Any vendors planning on bringing this in?

Reactions: Like 5


----------



## bjorncoetsee (28/12/17)

@Richio i bet he will

Reactions: Like 2 | Agree 1


----------



## Richio (29/12/17)

Hi @SamuraiTheVapor 

Incoming around the 2nd week January.

Reactions: Like 2 | Winner 2 | Thanks 1


----------



## Hooked (30/12/17)

Been vaping Jam Monster - Strawberry the whole day. If any DIYers make something similar, I'd be happy to buy from you!

Reactions: Like 2


----------



## SamuraiTheVapor (31/12/17)

Great news for you @Hooked 

DIYORDIE - Wayne created his own version of Jam Monster - Strawberry and has released his recipe so that all of us can enjoy it 
Anyone can make it and to mix your own juices is so easy, even you can do it

Reactions: Like 1 | Agree 1 | Winner 3


----------



## Hooked (31/12/17)

SamuraiTheVapor said:


> Great news for you @Hooked
> 
> DIYORDIE - Wayne created his own version of Jam Monster - Strawberry and has released his recipe so that all of us can enjoy it
> Anyone can make it and to mix your own juices is so easy, even you can do it
> ...



@SamuraiTheVapor and Wayne (is that his forum name or real name)? You guys are amazing! You could have sold me the juice and made some pocket-money, but instead you give me the recipe!!  If this isn't motivation to get into DIY then I don't know what is! Will look into this rabbit hole next year when most of my current stock is finished! Thank you soooooo much!! Pls. let me know if Wayne is forum name or not - I'd like to thank him. 

This is what I love about this forum - awesome peeps here!! 

EDIT: @bjorncoetsee has enlightened me as to who Wayne is! I just can't believe that peeps are so willing to share their recipes. You'd never find a chef doing that!!

Reactions: Like 3


----------



## bjorncoetsee (31/12/17)

Hooked said:


> @SamuraiTheVapor and Wayne (is that his forum name or real name)? You guys are amazing! You could have sold me the juice and made some pocket-money, but instead you give me the recipe!!  If this isn't motivation to get into DIY then I don't know what is! Will look into this rabbit hole next year when most of my current stock is finished! Thank you soooooo much!! Pls. let me know if Wayne is forum name or not - I'd like to thank him.
> 
> This is what I love about this forum - awesome peeps here!!

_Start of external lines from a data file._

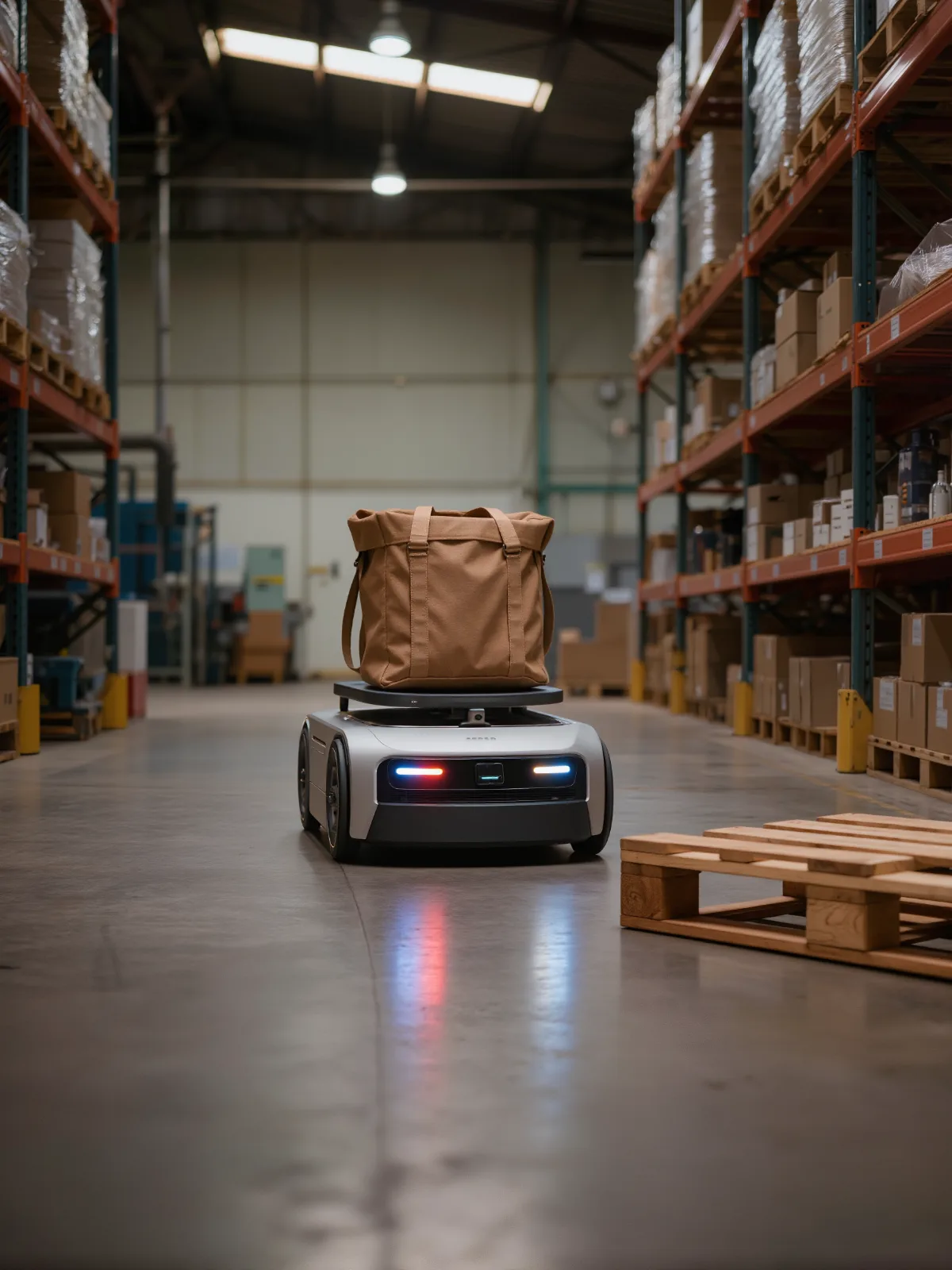 Autonomous mobile robot carrying a load toward a stray pallet in a warehouse aisle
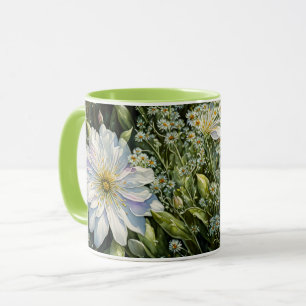 Weiße Wildblume Blumengarten Tasse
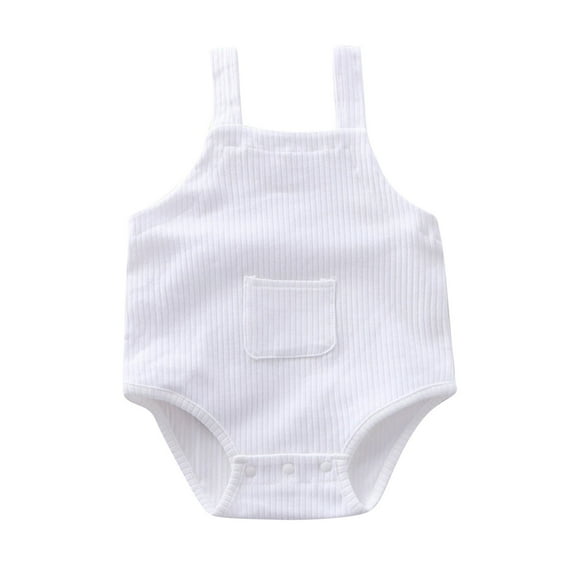 lulshou Baby Romper One Piece Bodysuit Baby Practice Crawling Suit Solid Color Pocket Jumpsuit Overalls Rompers on Clearance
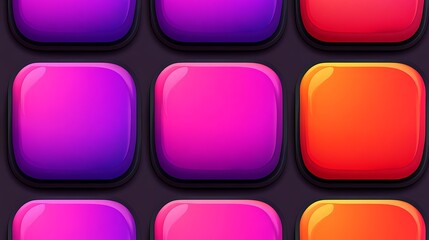 Colorful shiny square buttons arranged in a repeating pattern across a screen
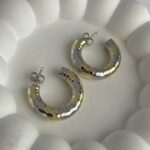 Özel Seri Gold & Gümüş Desen Halka Küpe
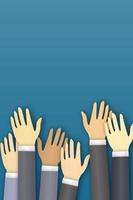 Business people raise hands vector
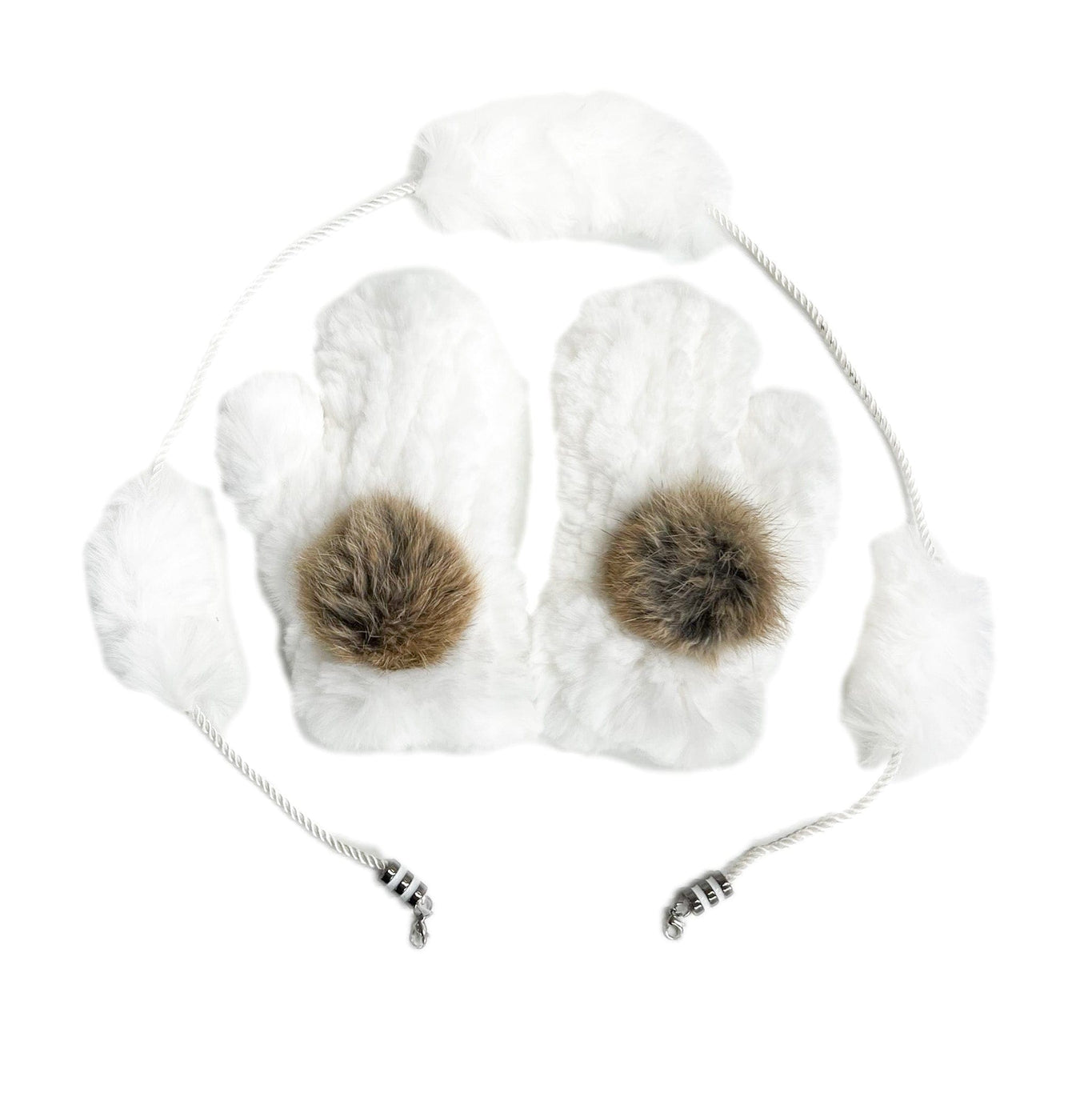Unisex | Rabbit Fur Mittens | White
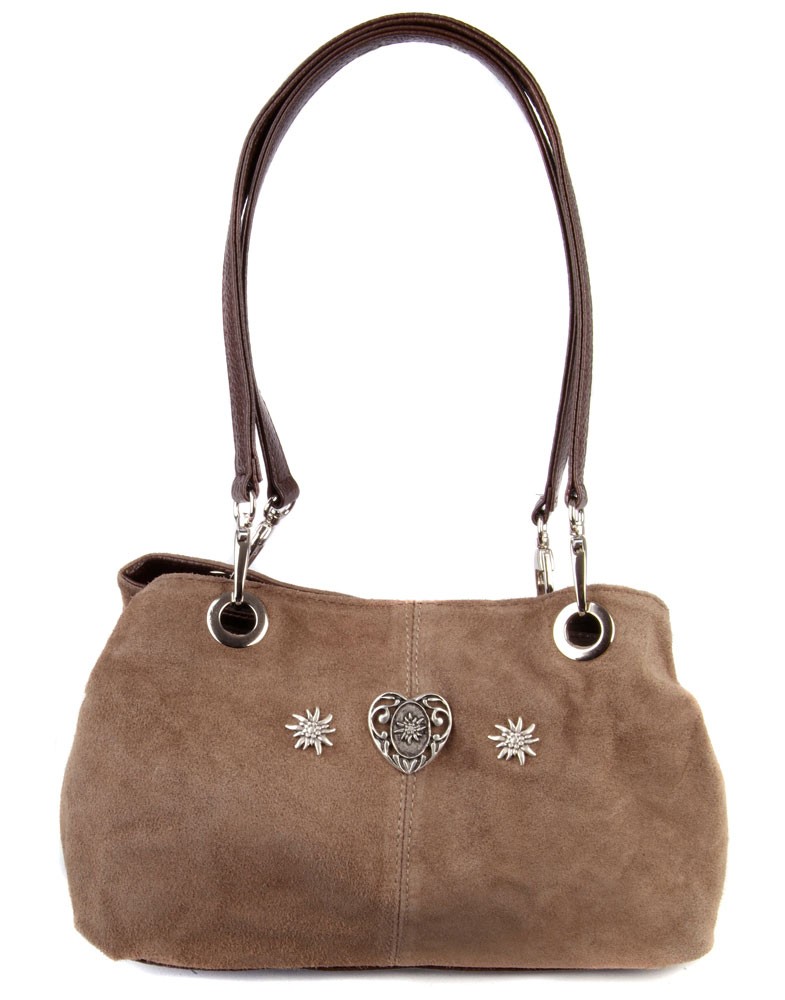 Handbag Suede grey-brown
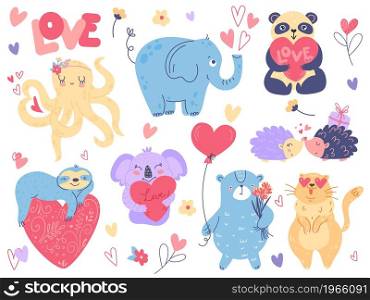 Valentines day animals. Cute kids animals with hearts, funny characters in love, elephant, octopus and sloth, hedgehogs couple, bear with balloon and cat, decor collection, vector cartoon isolated set. Valentines day animals. Cute kids animals with hearts, funny characters in love, elephant, octopus and sloth, hedgehogs couple, bear with balloon and cat, vector cartoon isolated set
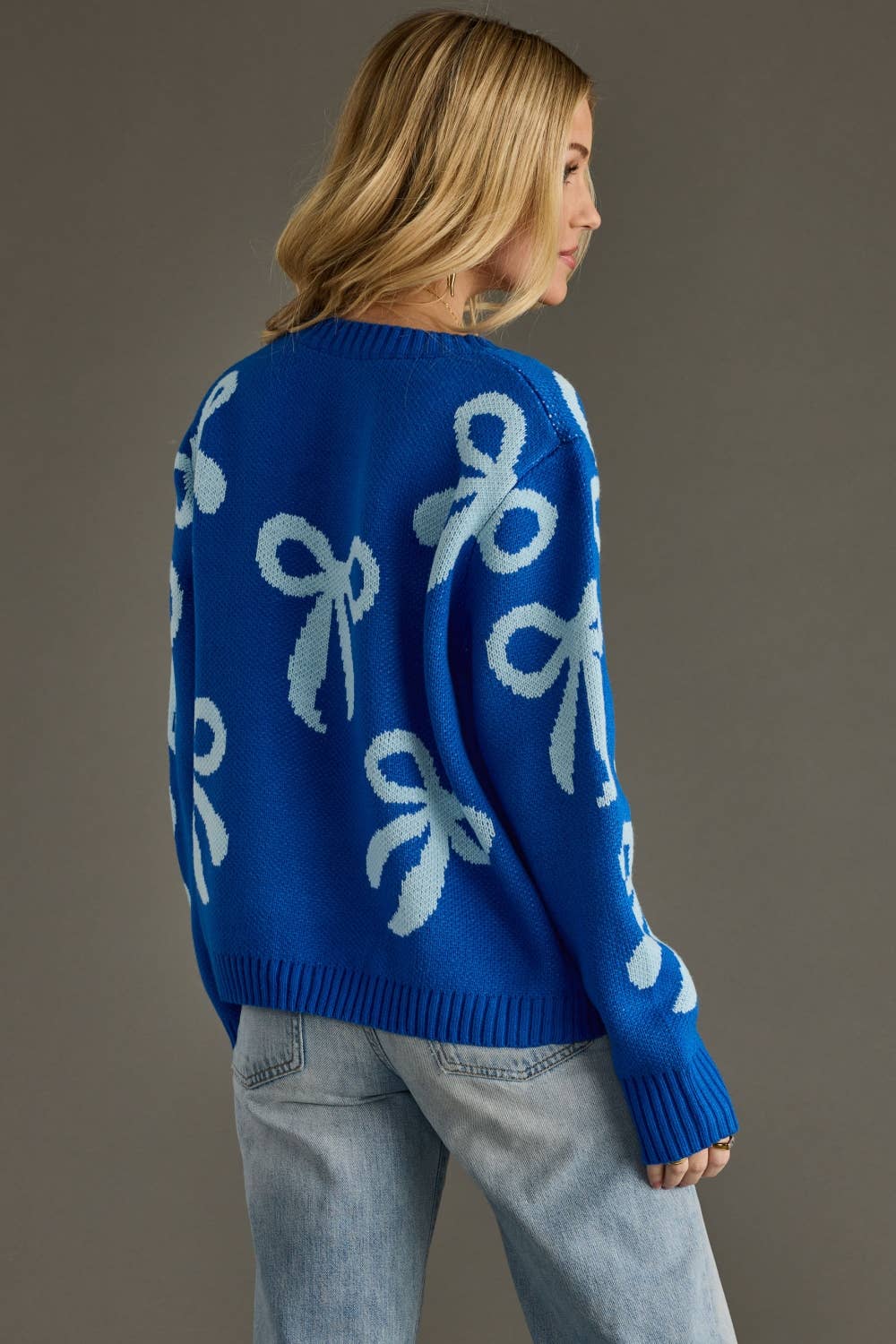 Addilyn Blue Bow Sweater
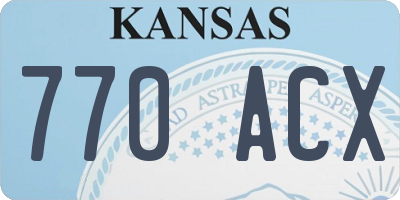 KS license plate 770ACX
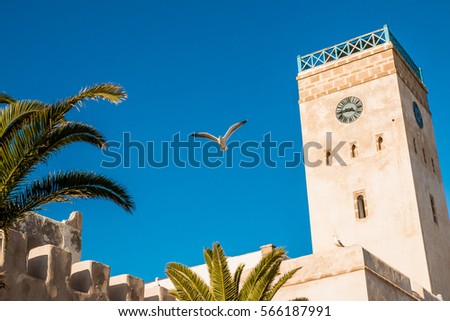 Essaouira Morocco Medina, old town Essaouira, famous landmark clock tower Royalty-Free Stock Photo #566187991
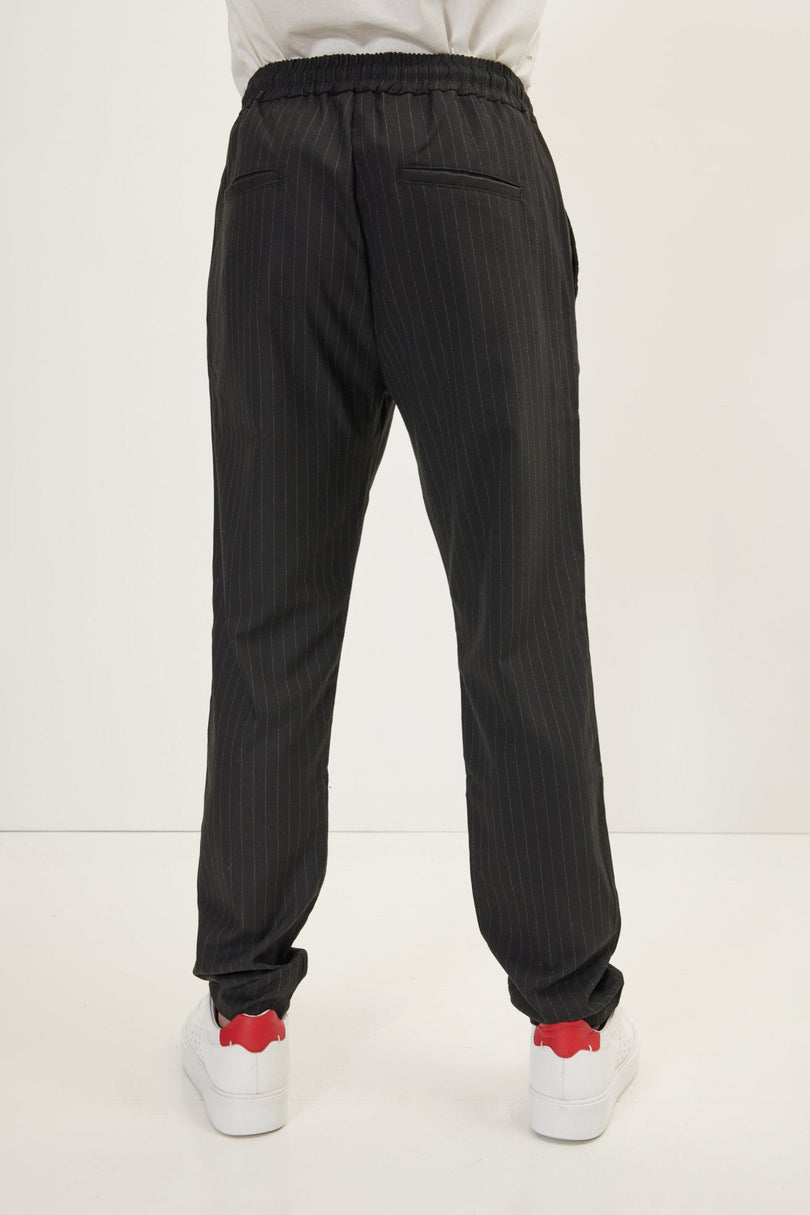 Men's Relaxed Pinstripe Drawstring Casual Pants - Black Anthracite | Ron Tomson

U should definitely go into diy, alot cheaper and very fun. U create anything u like. Lol and wayne is is not on this forum. One of the top mixers. Go check out his website at diyordievaping.com

Reactions: Like 2 | Agree 1


----------



## bjorncoetsee (31/12/17)

Hooked said:


> @SamuraiTheVapor and Wayne (is that his forum name or real name)? You guys are amazing! You could have sold me the juice and made some pocket-money, but instead you give me the recipe!!  If this isn't motivation to get into DIY then I don't know what is! Will look into this rabbit hole next year when most of my current stock is finished! Thank you soooooo much!! Pls. let me know if Wayne is forum name or not - I'd like to thank him.
> 
> This is what I love about this forum - awesome peeps here!!



https://diyordievaping.com/2017/12/27/strawberry-jam-monster-diy-e-liquid-recipe/

Reactions: Like 4


----------



## Hooked (31/12/17)

bjorncoetsee said:


> https://diyordievaping.com/2017/12/27/strawberry-jam-monster-diy-e-liquid-recipe/



@bjorncoetsee Aha! Not being a DIYer, I'd never heard of diyordievaping!  thanks for the enlightenment!

Reactions: Funny 3


----------



## Hooked (31/12/17)

@bjorncoetsee In the next few weeks I'll be adding some concentrates to ready-made juice to "adjust" the flavour, so I'll view that as my first tentative glance into the DIY rabbit hole!

Reactions: Like 2


----------



## haCid (3/1/18)

Subbing here, really want to try the above mentioned recipe by diyordie. Burning through Jam Monster way to fast 

haCid

Reactions: Like 2 | Agree 1


----------



## Hooked (3/1/18)

Hooked said:


> @bjorncoetsee Aha! Not being a DIYer, I'd never heard of diyordievaping!  thanks for the enlightenment!



@bjorncoetsee And furthermore, I didn't read it as DIY or die - I read it as DI YOR DIE VAPING . And I STILL read it that way !!


----------



## haCid (9/1/18)

Richio said:


> Hi @SamuraiTheVapor
> 
> Incoming around the 2nd week January.



Hi @Richio, any luck yet?

Kind regards


----------



## Richio (16/1/18)

Hi @haCid @SamuraiTheVapor 

This item is now in stock.


----------



## Marius Combrink (16/1/18)

Got mine today. Cant wait thanks @Richio

Reactions: Like 2


----------



## Mattkom87 (30/1/18)

So has any body mixed some of this together and have any feedback to share with us?

Reactions: Like 1


----------



## Paul33 (30/1/18)

Room Fogger said:


> @Paul33 , if you need proof that this juice is great, I wanted the tester back to fill the OBS again. Here's the short answer from my bud,
> "NO, you've got the concentrates so mix yourself some more. I need to test it some more" and, "so when will you have my new testers ready. Tomorrow?"


----------



## Paul33 (30/1/18)

Mattkom87 said:


> So has any body mixed some of this together and have any feedback to share with us?


Mines steeping still but @Room Fogger has had good feedback so far. 

I need to find a spare couple mns to wick and test a few juices I’ve got going with this being one of them.

Reactions: Like 1


----------



## haCid (1/2/18)

Richio said:


> Hi @haCid @SamuraiTheVapor
> 
> This item is now in stock.




Thank you Sir,
Order received today 

Kind regards

Reactions: Like 2


----------



## Captain Cumulus (11/4/18)

Hey Guys. I Mixed it as per recipe (Diy OR Die). Too much strawberry and almost no jam after a weeks steep. Will remix tonight with more strawberry jam and toast and less strawberry. Will post results after steep.


----------



## Adephi (11/4/18)

Captain Cumulus said:


> Hey Guys. I Mixed it as per recipe (Diy OR Die). Too much strawberry and almost no jam after a weeks steep. Will remix tonight with more strawberry jam and toast and less strawberry. Will post results after steep.



We all had more or less the same experience. Can post your findings here


----------